You don't know this guy, he is not your friend, you have no idea how he'll react if confronted. You do not "owe" him any conversation. Might seem harsh - but there are some unstable people in this world...as evidenced in the news. Every. Day.

Good luck -

Scott


----------



## MacInfoSys (Aug 6, 2018)

Ed Woodrick said:


> I'll agree with the no parking. As I'm looking at the Tesla, it doesn't seem to be plugged in.


The car is plugged in. The question is was it finished charging and it was left there overnight to park and happening every single night. As the sign states clearly, it's for charging and not for parking. This does NOT make what the person is doing to the car valid and the actions are clearly vandalism. If Smitty is actively using the spot to just park overnight and charging has completed many hours ago then it makes sense to move the car once that operation is complete as a curtesy to others that could use the spot to also charge. (This is assuming that's what is taking place which I recall Smitty stating this was his actions in the past.)

The person committing the crime should also be punished for his actions. (Both parties would be at fault unfortunately).

I just wish this could have been handled in a more civil matter before it ever got to this stage. Maybe a note on the windshield stating the problem at hand instead of writing on a car and Smitty not using the spot as a parking space after the charge was completed. :-(


----------



## JasonF (Oct 26, 2018)

MacInfoSys said:


> I just wish this could have been handled in a more civil matter before it ever got to this stage. Maybe a note on the windshield stating the problem at hand instead of writing on a car and Smitty not using the spot as a parking space after the charge was completed. :-(


This. Very important because it shows his intent was to intimidate and scare you, not to start a conversation about where you're parking. It shows that he wants you out of "his" garage, and out of "his" apartment building. It also is a scary sign that he's possibly willing to resort to violence to meet that goal. If that's true, then simply telling him "I know who you are" or complaining to building management will only cause him to confront you, possibly violently.
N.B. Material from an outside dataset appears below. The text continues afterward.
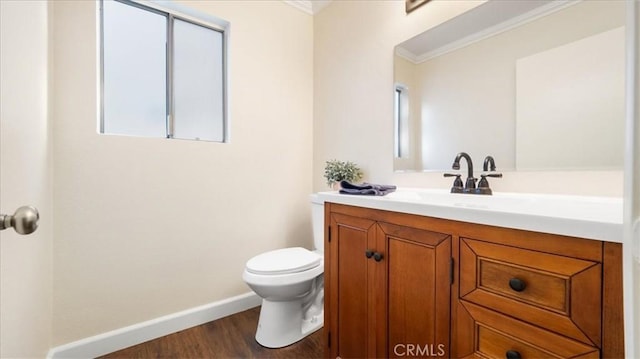 bathroom with toilet, vanity, wood-type flooring, and ornamental molding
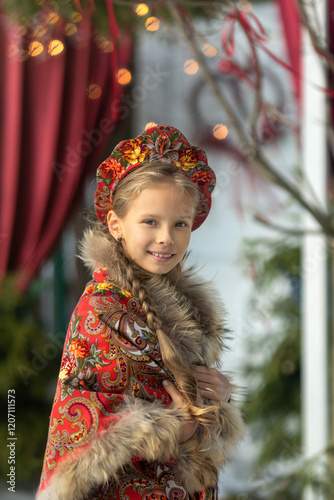 A blonde girl in a national Russian costume on the Maslenitsa holiday. A child in a traditional costume with fur trim and a headdress against a festive backdrop. Winter scene with a beautiful girl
Talking to police instead, it's more likely he'll have the wind taken out of his inflated sails. He might still confront you and yell at you that you're a coward for calling the cops, but with a warning of being arrested hanging over him, he'll leave the car, and you, safe.


----------



## bsunny (Oct 8, 2018)

Ed Woodrick said:


> I'll agree with the no parking. As I'm looking at the Tesla, it doesn't seem to be plugged in.


Looks plugged in to me.


----------



## Jay79 (Aug 18, 2018)

Plugged in or not, nobody has the right to vandalize someones property. You have an adult conversation, not resorting to childish tactics that cause monetary costs. This guy is obviously a hot head with zero rational thinking, I'd get law enforcement involved so that they have a record of the incident. If he can be identified all the better, litigation is in order.


----------



## MNScott (Mar 16, 2019)

Put together the vandalism and the intimidation/harassment and you may have a solid case for the apartment manager to remove this guy from the premises.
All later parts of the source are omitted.